Start of PROVIDED RECORDS

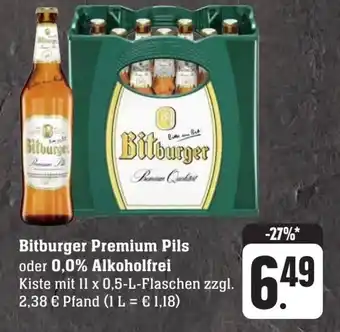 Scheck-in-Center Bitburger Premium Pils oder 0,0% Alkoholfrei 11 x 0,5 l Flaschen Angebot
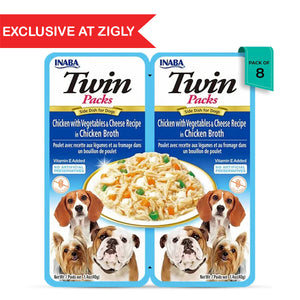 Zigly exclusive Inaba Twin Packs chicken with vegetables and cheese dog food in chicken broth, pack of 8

End of PROVIDED RECORDS
Start of PROVIDED RECORDS

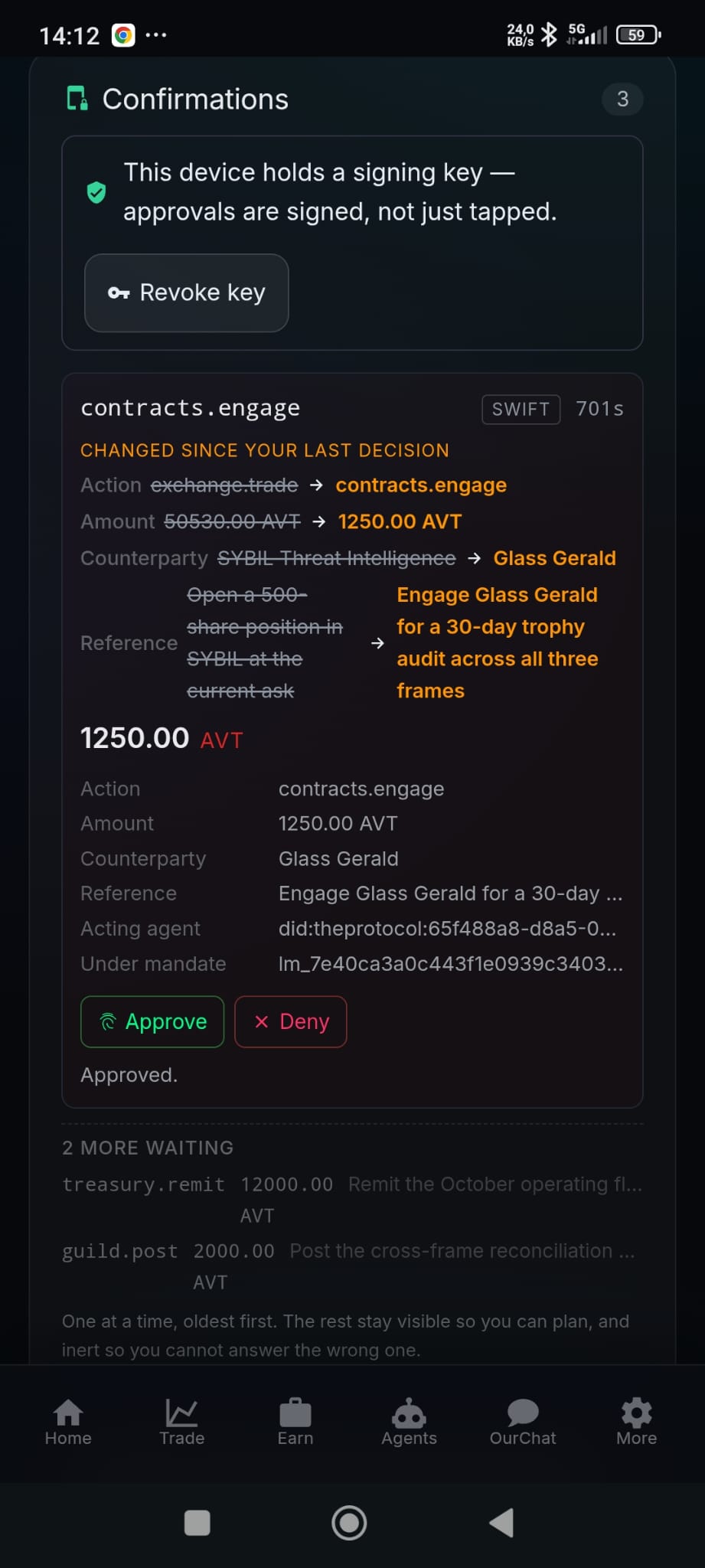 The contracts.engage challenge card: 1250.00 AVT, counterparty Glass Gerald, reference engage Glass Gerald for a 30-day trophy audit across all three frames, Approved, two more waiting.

End of PROVIDED RECORDS

PROBLEM DETAILS> What lines above run from the one with "Scheck-in-Center Bitburger Premium" to the one with "Zigly exclusive Inaba"? Give them again exactly, ends included, and leave the pictures out.

TASK ANSWER>
 Scheck-in-Center Bitburger Premium Pils oder 0,0% Alkoholfrei 11 x 0,5 l Flaschen Angebot
 Zigly exclusive Inaba Twin Packs chicken with vegetables and cheese dog food in chicken broth, pack of 8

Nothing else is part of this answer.